Here's what I ended up with:
Telepathy wasn't what I was expecting. Except during exams. Then, I would actually hear the words in people's heads because everyone was hyperfocused. But, then it was a lot of shouting and not as helpful as you'd hope.
Most of the time, what I got from other people's brains were a bunch of weird, disconnected images and memories/
In fact, I didn't realize I those thoughts weren't actually mine until one day, I met, by accident, a serial killer.
My name is Charlie Sutton and I love to hang out at my local coffee shop, the Sacred Grounds. I'm a caffeine addict, so there's that, but also the Grounds? Totally Pagan, like me.
But so, this one day, I'm sitting there and not noticing the random things people are thinking because they're not really thoughts in word form. I mean, maybe, I don't remember having a baby so it's weird that I get a flash of a infant's smile in my head, but I guess I always figured randomness was part of everyone's thinking. Besides, so much of it is basically mental white noise. The sun is hot. Yep, sure is. Bacon is yummy, truth, my man. I mean, I've been a vegan for a few years now, so maybe I should figure that thought isn't mine, but BACON, am I right?
Anyway, I'm just sitting there, surfing on my phone when, all of a sudden, the image of a surgical blade carving out my eye--like I can see my own face staring at me in horror---pops into my head.
Startled, I look up to see the barista smiling at me.
When our eyes meet, I get another intrusive thought: a knife, this time, slitting my throat and beautiful, bright blood drips down in a perversely erotic way.
My barista's grin widens. In fact, she's grinning at me like the Chesire Cat. I kind of smile back, despite what's happening, because, frankly, I've had a crush on her since forever. I think her name is Molly and she's tall, a little on the sporty-side--which made me figure she was out of my league--smart AF, and... okay, this is going to sound weird now, but a little evil. Like, before this very moment, I would have said that she was evil in a cute way. Like, you know how you can tell someone who gives no fucks? And how hot that can be? Yeah, that, plus her humor was clearly like mine, tending towards dark, even gallow's.
But, now I'm thinking maybe that's not so sexy?
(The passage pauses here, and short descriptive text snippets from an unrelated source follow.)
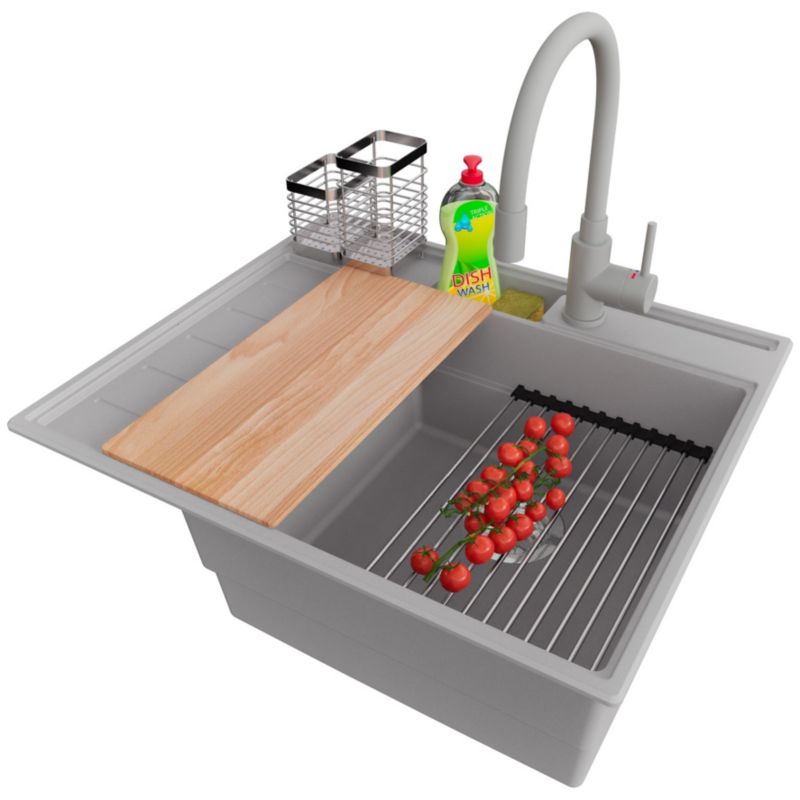 Zlewozmywak Granitowy Sydney Pocket PRIMAGRAN Nablatowy 62x53cm, Szary + Bateria + Syfon + Akcesorium, S040, 1 szt.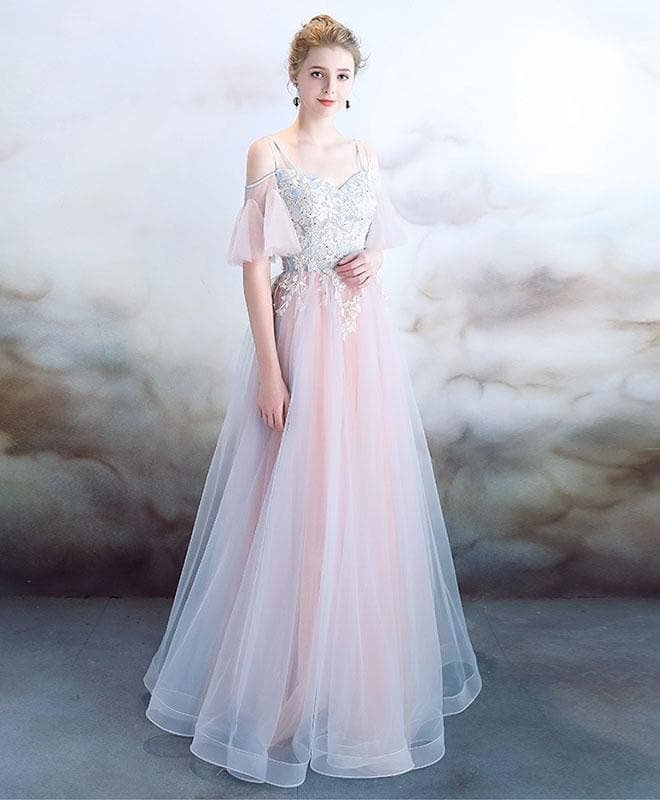 Elegant Light Pink Tulle Long Prom Dress, Pink Evening Dress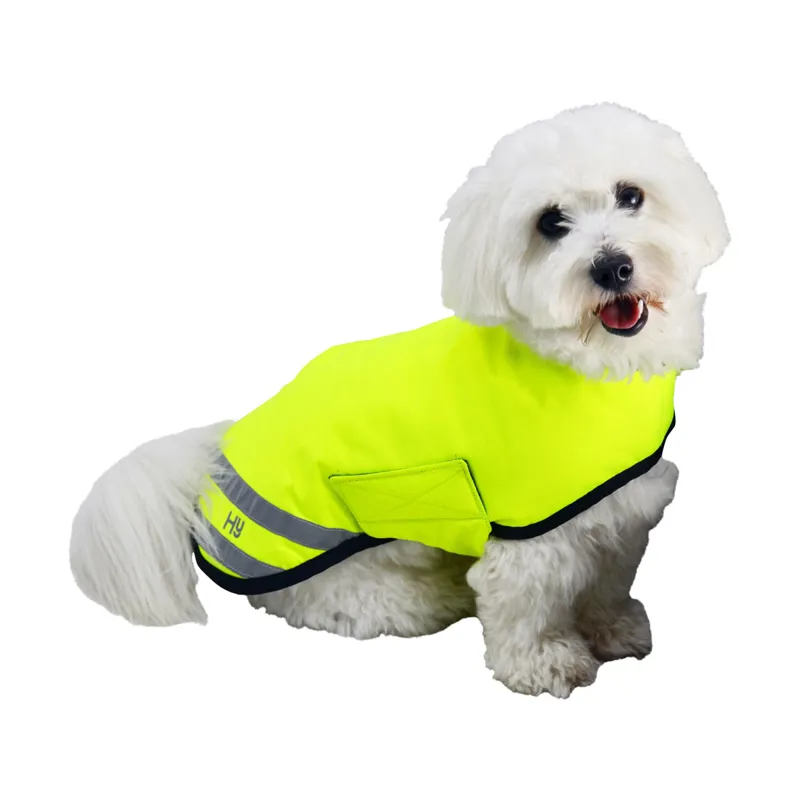 Benji and Flo Reflector Waterproof Dog Coat by Hy Equestrian - Yellow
"Hey, you," she says, coming over to bring me a scone I didn't order. "You look like you've seen a ghost."
"Something like that," I mutter. Sure enough I get another burst of pictures when she slides into the seat across from me. Me, getting cloriphorm-ed in an alley I don't recognize, but which I guess to be behind this shop. What the fuck, man! This situation is just so weird and scary that I blurt out, "Could you please stop thinking about ways to kill me?"
Now it's her turn to look freaked out. "Why would you say that? I'm not thinking that!" But I hear other words overlapping those: Oh, fuck. They know
/story randomly ends.
The other story I wrote is much sillier and far more typical of what I usually end up with when I do the writing exercises along with my students. In this exercise, we were asked to use a prompt with character motivations/traits as fill-in-the blanks. Things like: I am____ and I believe it is my destiny to____. I am__, you wouldn't know to look at me, but ____.
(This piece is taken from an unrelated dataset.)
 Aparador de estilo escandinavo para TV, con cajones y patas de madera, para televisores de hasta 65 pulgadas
The one I chose was I am _____ and my greatest possession is ______.
I decided to fill the sentence in this way:
I am a dragon and my greatest possession is immortality.
I gained immortality by eating a wizard.
I know what you're thinking. Dragons are supposed to eat maidens, but I guess I never developed much of a taste. Too soft. Too sickly sweet.
Me, I like something spicy, dangerously so, even.
Besides, it's ridiculously easy to get wizards and warriors to come to you. Meals on wheels... or horses, as the case may be. Because, of course, I have gold. So much gold. I wasn't born yesterday, and, anyway, after that knight killed my grandmother, I inherited her hoard. The vile runty knight only wanted "fame," apparently, or the maiden or some special cup or ring or other shiny he STOLE from us, but it wasn't like he could carry it all off, so what was left became mine.
Grandma's bones are buried somewhere beneath me, but, that, I suspect, is some other story.
This one is about a wizard and his ill-fated gamble.
I suppose this wizard had a name at some point, something his mother called him. I, however, think of him as dinner, so we shall call him Din.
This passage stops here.